Here's my thought:
Since temporal causality can work to allow the big-bang to create itself at the start of all existence; can we have a non-universe space outside of the big-bang universe that is drawing the universe to a teleological end?
We discussed this briefly before. I think you've made a number of errors in your thinking.
It is a mistake to suppose that the big bang "create[d] itself." For one, the big bang was an
event, not a thing. A singularity is a feature of a certain mathematical model, not an object in reality with physical dimensions. It wasn't "created." It
happened (according to our reverse extrapolations of the expanding universe).
Second, it requires an uncommon definition of "universe" to suppose that any idea resembling a "non-universe space" makes any kind of sense.

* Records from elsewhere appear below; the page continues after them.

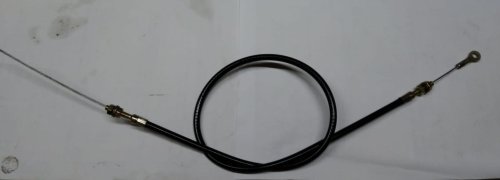 Linka gazu nowy typ do  BK800B BK800BS .jpg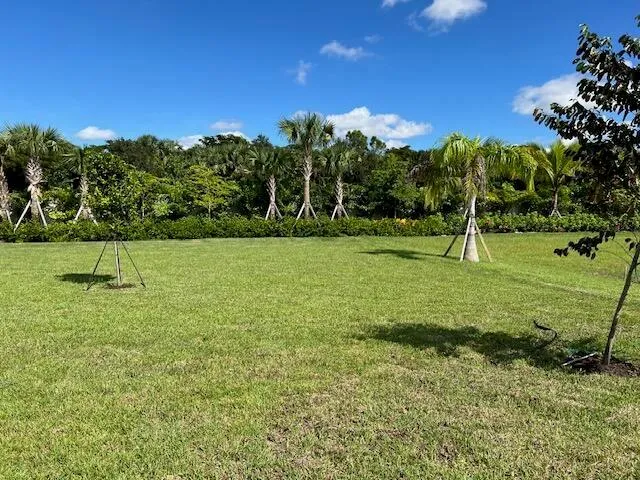 9741 Spruce Woods Drive Boynton Beach, FL 33473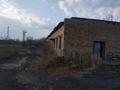 Свободное назначение · 200 м² за 300 000 ₸ в Караганде, Алихана Бокейханова р-н — фото 2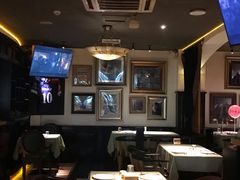 -碧特博格·20年品牌西餐厅(芜湖路店)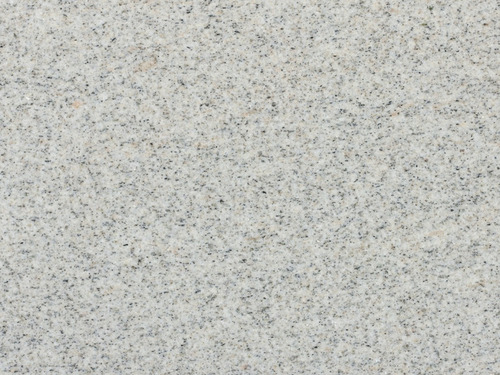 Imperial White Granite
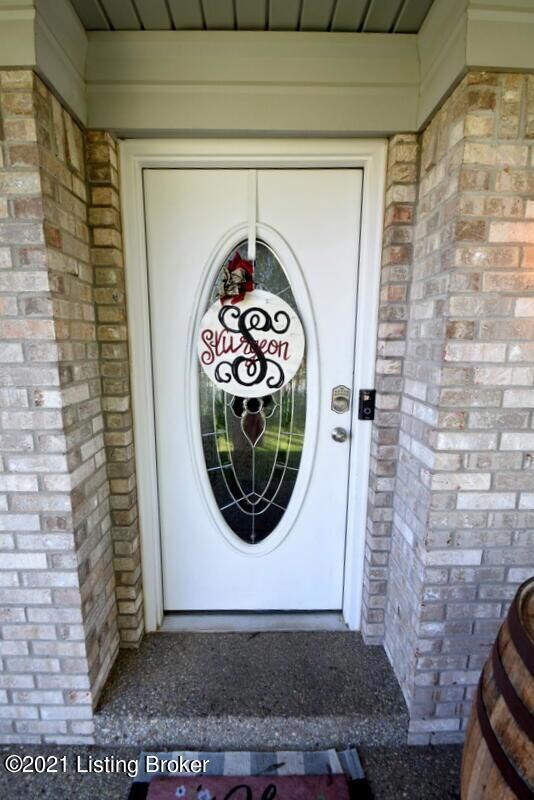 132 Gentry Crossings Blvd, Mount Washington, KY 40047 - photo 5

Personally, I think you make too much of the "arrow of time," as if you could establish a preferential or universally inert frame of reference. Time is a dimension just like space (in fact, there is no distinction, there is just spacetime). The coordinates of these dimensions exist simultaneously -- over
there exists simultaneous with over
here, and
then exists simultaneous with
now.
I won't argue that the apparent paradox of the "arrow of time" and the time-symmetry of the laws of physics is not a controversial one, but I simply think you're making unwarranted and dubious inferences. Personally, I think the "arrow of time" appears because of our unique sensory apparatus, and particularly the gaps between our synapses over which sensory data must leap. And again, those are themselves consequences of our relatively uniform velocities within our immediate environment.
Not a vitalism, but some end-state that is outside of time that is impacting reality through transcendence of the temporal arrow of entropy?
If you'd like some better answers to your questions than even I can give you, I can PM you a link to a discussion forum I frequent (less so, lately) where I know a brilliant mathematical physicist that is a regular participant.